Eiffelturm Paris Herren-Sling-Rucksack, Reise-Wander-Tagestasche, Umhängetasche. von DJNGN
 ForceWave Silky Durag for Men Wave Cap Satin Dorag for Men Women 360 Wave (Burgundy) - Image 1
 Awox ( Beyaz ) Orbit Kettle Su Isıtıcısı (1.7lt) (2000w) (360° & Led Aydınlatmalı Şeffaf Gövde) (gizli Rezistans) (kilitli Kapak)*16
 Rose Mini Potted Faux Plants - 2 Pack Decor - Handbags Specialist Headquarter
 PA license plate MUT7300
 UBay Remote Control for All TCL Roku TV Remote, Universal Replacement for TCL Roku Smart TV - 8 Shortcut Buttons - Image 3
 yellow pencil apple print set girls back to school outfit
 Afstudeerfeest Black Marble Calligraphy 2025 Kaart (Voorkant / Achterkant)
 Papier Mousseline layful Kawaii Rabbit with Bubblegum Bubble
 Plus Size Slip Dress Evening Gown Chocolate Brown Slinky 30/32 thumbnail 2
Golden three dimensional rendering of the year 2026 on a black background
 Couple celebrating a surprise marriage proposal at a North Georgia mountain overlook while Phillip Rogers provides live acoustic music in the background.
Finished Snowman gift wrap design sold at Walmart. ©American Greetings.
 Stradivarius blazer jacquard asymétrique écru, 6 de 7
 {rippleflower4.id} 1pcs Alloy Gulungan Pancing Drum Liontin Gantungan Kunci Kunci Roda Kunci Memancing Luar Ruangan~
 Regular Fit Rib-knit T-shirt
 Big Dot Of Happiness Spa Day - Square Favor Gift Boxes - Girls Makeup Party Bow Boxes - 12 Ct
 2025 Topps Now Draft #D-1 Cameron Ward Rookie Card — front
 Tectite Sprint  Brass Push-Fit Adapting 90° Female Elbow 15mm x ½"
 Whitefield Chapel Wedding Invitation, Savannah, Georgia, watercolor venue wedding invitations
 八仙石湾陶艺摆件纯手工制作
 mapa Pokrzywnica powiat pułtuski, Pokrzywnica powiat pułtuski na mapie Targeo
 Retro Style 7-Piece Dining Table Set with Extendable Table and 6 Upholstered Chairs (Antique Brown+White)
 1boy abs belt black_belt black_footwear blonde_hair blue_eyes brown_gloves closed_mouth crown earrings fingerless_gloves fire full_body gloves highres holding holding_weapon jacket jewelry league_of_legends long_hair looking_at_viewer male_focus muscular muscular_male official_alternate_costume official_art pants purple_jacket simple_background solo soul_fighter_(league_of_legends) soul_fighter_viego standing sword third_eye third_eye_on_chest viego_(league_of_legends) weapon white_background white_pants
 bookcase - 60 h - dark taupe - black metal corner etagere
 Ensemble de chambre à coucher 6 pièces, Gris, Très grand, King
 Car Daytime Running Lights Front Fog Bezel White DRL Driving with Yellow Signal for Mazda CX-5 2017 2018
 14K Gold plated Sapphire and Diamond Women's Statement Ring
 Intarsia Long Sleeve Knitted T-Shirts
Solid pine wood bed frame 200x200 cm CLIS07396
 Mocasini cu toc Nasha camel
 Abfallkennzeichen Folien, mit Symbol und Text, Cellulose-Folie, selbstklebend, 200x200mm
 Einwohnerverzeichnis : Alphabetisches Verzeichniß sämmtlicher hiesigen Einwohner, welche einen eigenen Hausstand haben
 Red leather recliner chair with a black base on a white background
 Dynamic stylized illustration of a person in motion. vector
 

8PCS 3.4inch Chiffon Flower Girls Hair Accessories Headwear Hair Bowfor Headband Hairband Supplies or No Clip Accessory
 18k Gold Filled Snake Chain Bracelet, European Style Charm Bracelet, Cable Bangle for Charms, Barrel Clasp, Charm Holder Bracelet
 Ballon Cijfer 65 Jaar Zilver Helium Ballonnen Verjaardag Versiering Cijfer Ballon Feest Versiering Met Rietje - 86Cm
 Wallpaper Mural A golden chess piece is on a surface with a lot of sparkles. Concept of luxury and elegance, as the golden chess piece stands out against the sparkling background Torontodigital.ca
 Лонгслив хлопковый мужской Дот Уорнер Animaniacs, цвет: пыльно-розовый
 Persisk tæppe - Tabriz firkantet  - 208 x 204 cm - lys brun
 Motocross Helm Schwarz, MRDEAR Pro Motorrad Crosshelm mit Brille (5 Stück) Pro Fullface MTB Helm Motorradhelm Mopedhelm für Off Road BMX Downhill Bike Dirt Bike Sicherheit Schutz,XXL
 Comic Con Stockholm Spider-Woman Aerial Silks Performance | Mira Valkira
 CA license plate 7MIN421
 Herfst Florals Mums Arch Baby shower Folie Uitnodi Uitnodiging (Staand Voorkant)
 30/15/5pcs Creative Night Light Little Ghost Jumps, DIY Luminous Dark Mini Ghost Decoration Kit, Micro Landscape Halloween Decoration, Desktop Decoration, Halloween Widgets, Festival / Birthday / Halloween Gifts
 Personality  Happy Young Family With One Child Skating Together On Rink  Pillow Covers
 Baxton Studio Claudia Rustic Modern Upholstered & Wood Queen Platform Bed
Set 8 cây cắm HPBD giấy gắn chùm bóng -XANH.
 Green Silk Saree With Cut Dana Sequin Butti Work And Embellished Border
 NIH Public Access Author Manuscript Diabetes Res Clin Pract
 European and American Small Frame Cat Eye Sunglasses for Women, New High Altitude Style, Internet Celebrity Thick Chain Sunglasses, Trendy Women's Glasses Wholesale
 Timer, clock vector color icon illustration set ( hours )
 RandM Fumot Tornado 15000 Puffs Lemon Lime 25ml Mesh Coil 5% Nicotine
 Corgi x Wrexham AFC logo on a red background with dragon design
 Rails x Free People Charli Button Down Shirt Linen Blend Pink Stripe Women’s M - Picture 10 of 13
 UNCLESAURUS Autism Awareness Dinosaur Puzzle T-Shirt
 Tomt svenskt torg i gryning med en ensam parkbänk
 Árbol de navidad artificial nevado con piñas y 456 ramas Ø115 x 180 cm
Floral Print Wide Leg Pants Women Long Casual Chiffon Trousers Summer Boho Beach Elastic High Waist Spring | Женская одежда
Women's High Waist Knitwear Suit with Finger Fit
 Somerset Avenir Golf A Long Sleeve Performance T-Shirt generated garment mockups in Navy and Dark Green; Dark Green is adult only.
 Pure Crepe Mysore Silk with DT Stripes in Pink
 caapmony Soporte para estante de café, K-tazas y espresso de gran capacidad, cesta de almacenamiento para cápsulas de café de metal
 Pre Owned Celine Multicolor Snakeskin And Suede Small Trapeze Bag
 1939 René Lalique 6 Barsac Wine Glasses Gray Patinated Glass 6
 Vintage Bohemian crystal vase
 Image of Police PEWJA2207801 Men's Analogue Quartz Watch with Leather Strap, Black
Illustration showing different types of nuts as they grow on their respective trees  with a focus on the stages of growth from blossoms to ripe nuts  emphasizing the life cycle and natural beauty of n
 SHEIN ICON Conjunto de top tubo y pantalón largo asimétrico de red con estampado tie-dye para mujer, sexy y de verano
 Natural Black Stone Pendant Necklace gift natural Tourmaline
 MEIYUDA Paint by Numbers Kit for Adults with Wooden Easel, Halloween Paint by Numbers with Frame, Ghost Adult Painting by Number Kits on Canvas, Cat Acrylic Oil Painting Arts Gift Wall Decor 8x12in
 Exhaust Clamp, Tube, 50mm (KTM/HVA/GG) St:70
◆ ◆ ◆ ◆ ◆ ◆ ◆
What is needed: Given the data above, transcribe exactly the lines from the one containing "Persisk tæppe - Tabriz" down to the one containing "Women's High Waist", and no others.

Exercise output:
 Persisk tæppe - Tabriz firkantet  - 208 x 204 cm - lys brun
 Motocross Helm Schwarz, MRDEAR Pro Motorrad Crosshelm mit Brille (5 Stück) Pro Fullface MTB Helm Motorradhelm Mopedhelm für Off Road BMX Downhill Bike Dirt Bike Sicherheit Schutz,XXL
 Comic Con Stockholm Spider-Woman Aerial Silks Performance | Mira Valkira
 CA license plate 7MIN421
 Herfst Florals Mums Arch Baby shower Folie Uitnodi Uitnodiging (Staand Voorkant)
 30/15/5pcs Creative Night Light Little Ghost Jumps, DIY Luminous Dark Mini Ghost Decoration Kit, Micro Landscape Halloween Decoration, Desktop Decoration, Halloween Widgets, Festival / Birthday / Halloween Gifts
 Personality  Happy Young Family With One Child Skating Together On Rink  Pillow Covers
 Baxton Studio Claudia Rustic Modern Upholstered & Wood Queen Platform Bed
Set 8 cây cắm HPBD giấy gắn chùm bóng -XANH.
 Green Silk Saree With Cut Dana Sequin Butti Work And Embellished Border
 NIH Public Access Author Manuscript Diabetes Res Clin Pract
 European and American Small Frame Cat Eye Sunglasses for Women, New High Altitude Style, Internet Celebrity Thick Chain Sunglasses, Trendy Women's Glasses Wholesale
 Timer, clock vector color icon illustration set ( hours )
 RandM Fumot Tornado 15000 Puffs Lemon Lime 25ml Mesh Coil 5% Nicotine
 Corgi x Wrexham AFC logo on a red background with dragon design
 Rails x Free People Charli Button Down Shirt Linen Blend Pink Stripe Women’s M - Picture 10 of 13
 UNCLESAURUS Autism Awareness Dinosaur Puzzle T-Shirt
 Tomt svenskt torg i gryning med en ensam parkbänk
 Árbol de navidad artificial nevado con piñas y 456 ramas Ø115 x 180 cm
Floral Print Wide Leg Pants Women Long Casual Chiffon Trousers Summer Boho Beach Elastic High Waist Spring | Женская одежда
Women's High Waist Knitwear Suit with Finger Fit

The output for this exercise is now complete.